Al día siguiente llegó con un pizarrón, una caja de tiza, un abanico de libros y revistas entre ellos

Nací en el barrio Sajonia, un enclave de la vieja Managua que dormía entre el Redentor, la Enaluf, La Tribuna y un enorme patio vacío adonde jugaban los “chavalos vagos”, como les decía mi hermana, que venían del lado de La Caimana a jugar “hand ball” contra el equipo de “los cheles” como les decían a los Sengelman, quienes vivían en el mismo barrio. La casa alquilada y sobria de mis padres era de dos pisos, y desde arriba se dominaba el patio vacío que cubría más de dos manzanas. El patio era de tierra roja, mezclada con vidrios, plantas de dormilona, barriles vacíos, zacate limón, cagadas de caballos, vacas y patos, senderos ocultos que escondían gemidos y mostraban parejas, una estación improvisada de carretoneros equinos, tres ceibas colosales y nueve palos de papaya, que inexplicablemente —pues no eran regados ni cuidados por nadie— producían las frutas más dulces que jamás probé. Tenía yo ocho años cuando me atropelló un taxi en la esquina, y mi padre decidió no enviarme al Centro América por seis meses mientras me observaban, pues nadie se explicó cómo después de volar 15 metros y aterrizar en la casa de mi tío el médico Alfonso Moncada Guillén, no tenía ni un solo morete. La Lola, la cocinera de mi casa, me quería mucho y me daba compotas de aceite de bacalao, caldo de garrobo, me frotaba las piernas con alcanfor, y me las amarraba con compresas de manzanilla, pues todos juraban que había algo reventado por dentro que debía salir, pero nunca salió. Su marido, don Emiliano, de ocupación zapatero y el único alcohólico que jamás vi borracho, llegaba todas las tardes a recogerla, y al verme sin ir a la escuela, decidió que él me daría clases en mi casa. “Este niño nació viejo”, le dijo a mi madre y “necesita leer para saber que está vivo”.

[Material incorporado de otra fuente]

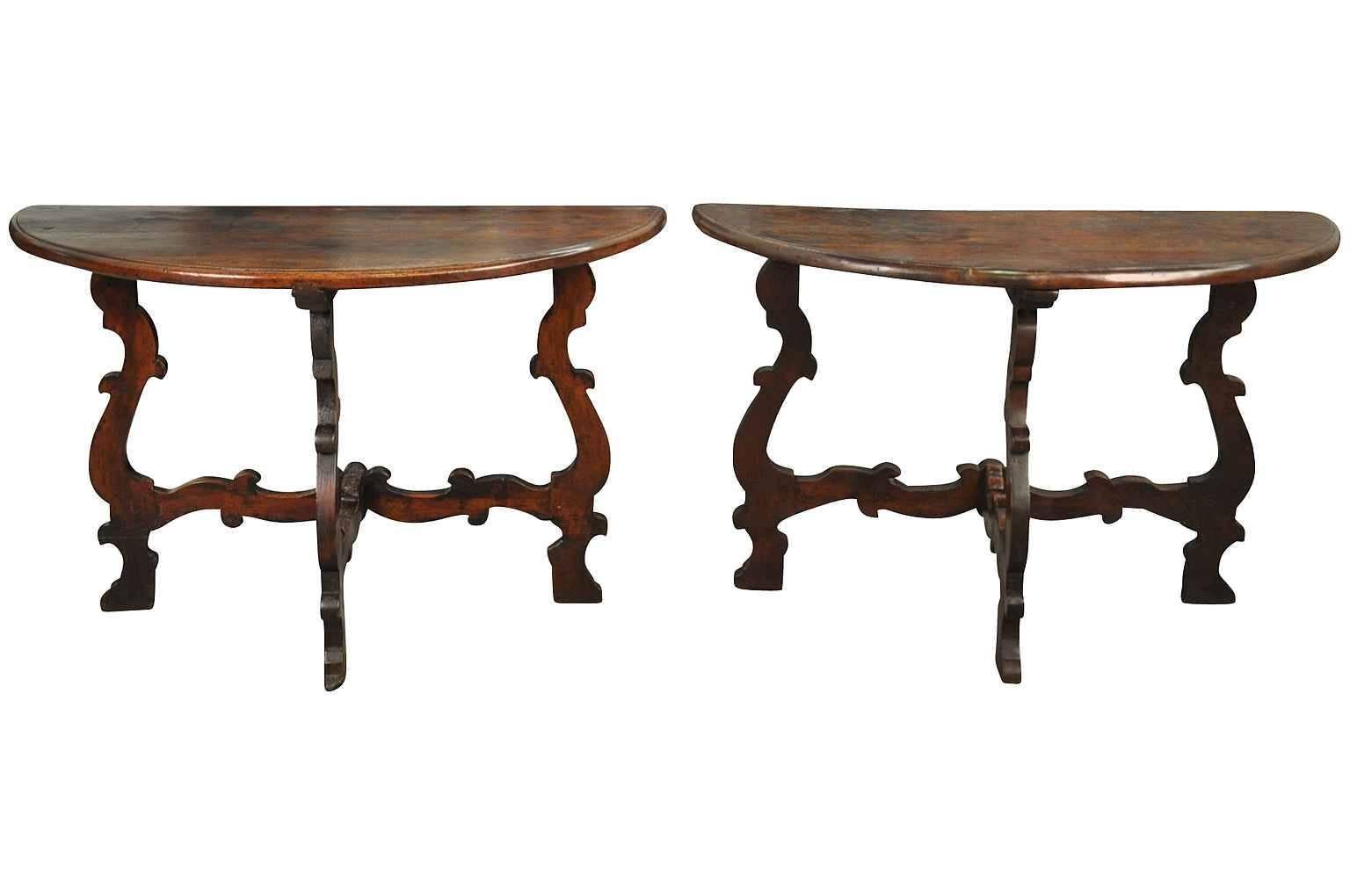 A very elegant and stunning pair of Northern Italian demilune tables in walnut. Wonderful patina and graining - rich and luminous. Classical Lyre leg construction. Wonderful as bedside tables.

Al día siguiente llegó con un pizarrón, una caja de tiza, un abanico de libros y revistas entre ellos La Ciudad y los Perros , Las Aventuras de Tin Tin , El Mago de Oz, Vanidades , varias Bohemias viejísimas; un libro grueso de los anarquistas ibéricos que narraba la masacre de Casas Viejas, un libro enorme de historia y geografía del Ramírez Goyena; Fuenteovejuna ; y un radio Phillips con dos botones al frente y de plástico duro de color verde. Don Emiliano llegaba a la 1:00 p.m. y con él terminé de aprender a querer a los libros porque “con ellos viajás sin moverte, llorás sin mojarte, y tocás sin quemarte”.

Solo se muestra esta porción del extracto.